ABU DHABI // In just over 150 days, the cream of football's young talent will have gathered in the UAE for the 15th Under 17 World Cup.
The tournament will begin on October 17 in the capital at the Mohammed bin Zayed Stadium and Emirates Club Stadium in Ras Al Khaimah, and work its way across the Emirates before ending up back in Abu Dhabi for the 52nd and final match November 7.
The tournament, in terms of which sides will be competing, has begun to take shape over the past few weeks and the final six qualifiers were decided on Saturday at the U17 European Championship in Slovakia.
All 24 teams are now known from six Fifa regions around the world, with Austria, Croatia, Italy, Russia, Slovakia and Sweden the last countries to join the party.
In March, at a ceremony at the Emirates Palace, organisers launched the tournament's official emblem, and the mascot - a falcon - was unveiled in Dubai on Monday.
Organisers say preparations are on course for what will be one of the biggest football events held in the region.
"The preparations for the tournament are going very well at the moment," said Yousuf Al Serkal, the head of the Football Association and part of the tournament's local organising committee.
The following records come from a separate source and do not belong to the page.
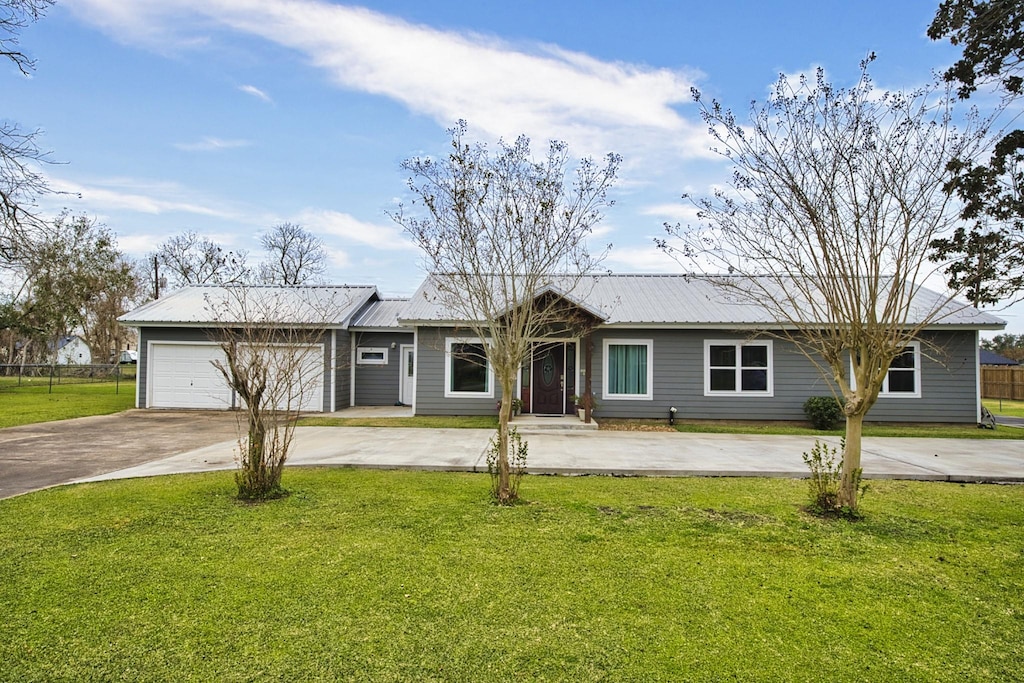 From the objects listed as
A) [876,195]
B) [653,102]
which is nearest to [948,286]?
[876,195]

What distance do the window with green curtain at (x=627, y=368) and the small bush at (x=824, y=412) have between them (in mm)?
3905

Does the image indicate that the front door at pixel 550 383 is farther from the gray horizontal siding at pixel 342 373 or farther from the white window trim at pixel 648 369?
the gray horizontal siding at pixel 342 373

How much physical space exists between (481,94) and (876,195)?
6.31m

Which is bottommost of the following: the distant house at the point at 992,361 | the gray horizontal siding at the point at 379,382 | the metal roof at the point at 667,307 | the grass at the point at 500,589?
the grass at the point at 500,589

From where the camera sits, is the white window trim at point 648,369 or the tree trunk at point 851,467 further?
the white window trim at point 648,369

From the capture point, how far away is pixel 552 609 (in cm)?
352

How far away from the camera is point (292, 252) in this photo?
1405 inches

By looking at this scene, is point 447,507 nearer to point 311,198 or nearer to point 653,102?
point 653,102

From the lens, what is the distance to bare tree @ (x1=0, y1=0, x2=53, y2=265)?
28.3ft

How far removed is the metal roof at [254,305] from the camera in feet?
52.4

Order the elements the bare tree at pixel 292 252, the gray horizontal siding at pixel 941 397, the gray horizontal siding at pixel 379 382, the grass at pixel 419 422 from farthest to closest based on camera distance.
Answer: the bare tree at pixel 292 252
the gray horizontal siding at pixel 379 382
the gray horizontal siding at pixel 941 397
the grass at pixel 419 422

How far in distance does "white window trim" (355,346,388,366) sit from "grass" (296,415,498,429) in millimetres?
3430

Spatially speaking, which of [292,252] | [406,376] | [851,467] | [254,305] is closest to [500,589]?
[851,467]

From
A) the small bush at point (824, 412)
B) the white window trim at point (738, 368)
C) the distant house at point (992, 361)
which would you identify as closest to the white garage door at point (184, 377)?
the white window trim at point (738, 368) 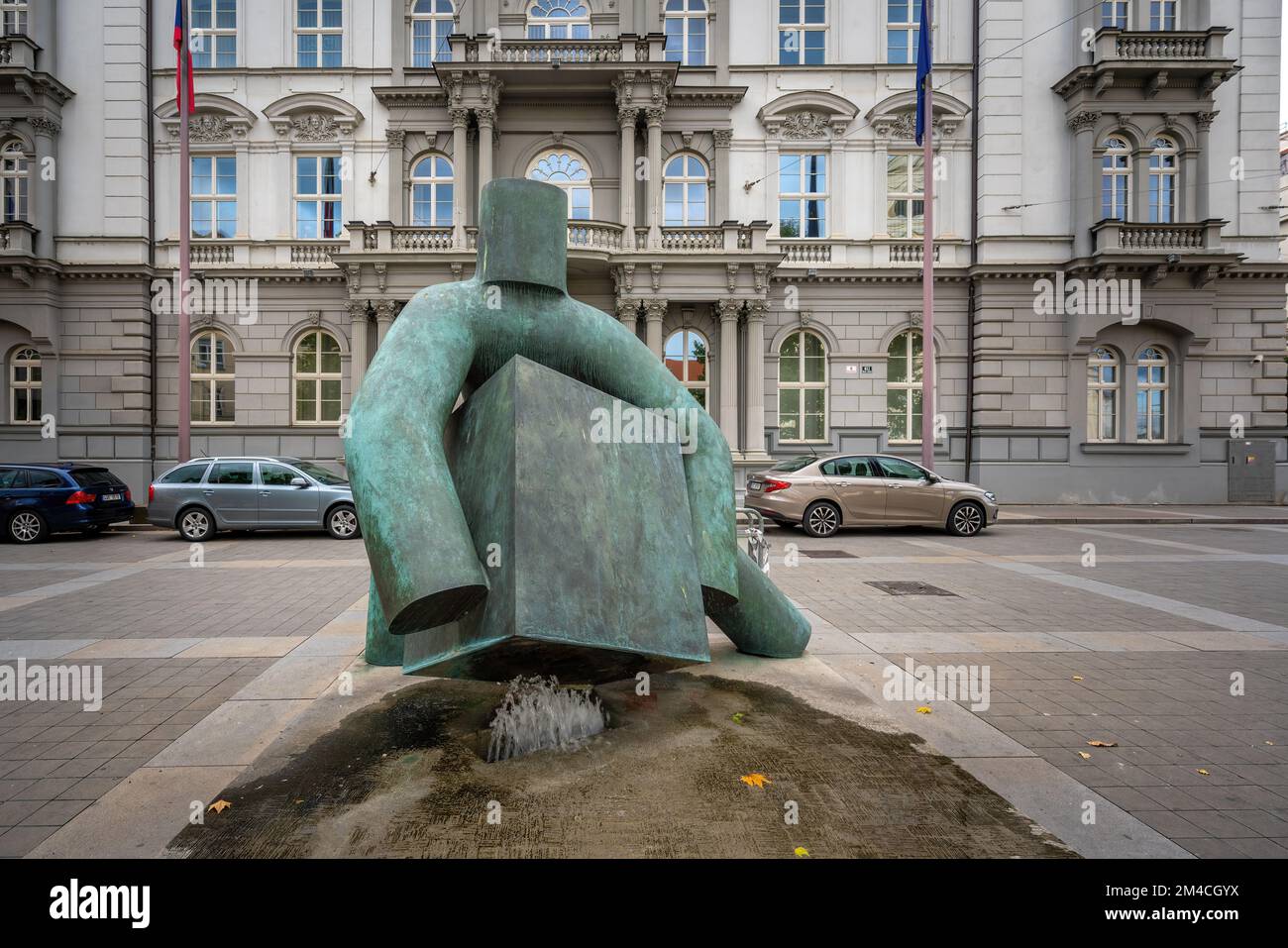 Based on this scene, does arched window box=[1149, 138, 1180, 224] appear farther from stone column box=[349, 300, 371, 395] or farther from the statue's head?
the statue's head

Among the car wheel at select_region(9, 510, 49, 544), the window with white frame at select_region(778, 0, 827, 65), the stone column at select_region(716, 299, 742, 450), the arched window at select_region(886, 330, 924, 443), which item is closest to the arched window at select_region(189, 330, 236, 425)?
the car wheel at select_region(9, 510, 49, 544)

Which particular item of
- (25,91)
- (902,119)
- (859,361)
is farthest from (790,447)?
(25,91)

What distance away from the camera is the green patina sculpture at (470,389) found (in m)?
2.55

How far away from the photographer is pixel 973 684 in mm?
4621

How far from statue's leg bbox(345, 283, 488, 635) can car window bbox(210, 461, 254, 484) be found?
41.1 ft

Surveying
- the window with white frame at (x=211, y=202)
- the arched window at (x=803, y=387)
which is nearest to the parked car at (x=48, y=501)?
the window with white frame at (x=211, y=202)

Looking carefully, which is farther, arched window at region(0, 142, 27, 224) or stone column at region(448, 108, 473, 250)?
arched window at region(0, 142, 27, 224)

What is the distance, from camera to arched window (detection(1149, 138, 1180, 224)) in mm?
20469

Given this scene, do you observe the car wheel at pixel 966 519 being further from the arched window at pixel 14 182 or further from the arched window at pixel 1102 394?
the arched window at pixel 14 182

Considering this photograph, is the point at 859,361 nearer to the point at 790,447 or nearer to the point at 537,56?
the point at 790,447

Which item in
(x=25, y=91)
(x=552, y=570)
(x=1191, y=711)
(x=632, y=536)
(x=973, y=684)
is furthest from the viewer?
(x=25, y=91)

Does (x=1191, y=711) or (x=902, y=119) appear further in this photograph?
(x=902, y=119)

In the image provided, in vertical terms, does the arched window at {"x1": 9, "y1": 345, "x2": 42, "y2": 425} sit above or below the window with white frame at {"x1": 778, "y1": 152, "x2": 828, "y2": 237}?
below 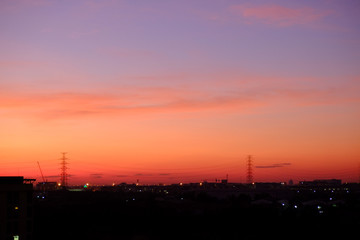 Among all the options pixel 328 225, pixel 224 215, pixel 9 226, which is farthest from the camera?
pixel 224 215

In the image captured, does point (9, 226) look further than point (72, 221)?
No

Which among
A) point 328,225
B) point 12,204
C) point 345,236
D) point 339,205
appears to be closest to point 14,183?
point 12,204

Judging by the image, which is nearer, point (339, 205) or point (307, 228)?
point (307, 228)

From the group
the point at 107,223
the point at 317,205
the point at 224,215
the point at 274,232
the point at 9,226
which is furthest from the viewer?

"We are in continuous contact with Fifa and we have been updating them on all the procedures in the run-up to the event, so it is going on well at the moment.
"Our intention as always is to make sure we host a prestigious competition."
An extensive promotional campaign will also be rolled out as the tournament nears.
In March, Al Serkal said that Al Ain and UAE star Omar Abdulrahman will be at the centre of the campaign.
The tournament, which began as an Under 16 tournament but was changed to Under 17 in 1991, has unveiled many future stars.
Diego Simeone, Gianluigi Buffon, Alessandro Del Piero, Luis Figo, Emmanuel Petit, Fernando Redondo, Ronaldinho, Nwankwo Kanu, Juan Sebastian Veron, Xavi and Landon Donovan all played in an Under 17 World Cup before moving to bigger stages.
African countries have had considerable success at the level.
Nigeria has won the tournament three times, finishing as runners-up on three more occasions.
Ghana have won the tournament twice in four trips to the finals, though they have not progressed as far since 1997, when a run of four consecutive appearances in the final ended.
Predictably, Brazil are the other dominant force, having won three titles and finished runners-up twice.
Ghana have not qualified for UAE 2013, though Brazil and Nigeria will be here.
So, too, will the defending champions and two-time winners Mexico, the only team to have won the tournament on home soil.
The biggest shock as far as qualifying goes is the absence of the United States. Though they have only made the semi-finals once, in 1999, they are the only country to have qualified for every tournament.
But their shock 3-1 loss to Honduras in the Concacaf Under 17 championship in April meant they would miss this year.
The draw for the tournament will be held on August 26 in Abu Dhabi, with the teams split into six groups of four.
Six stadiums will be used across the UAE.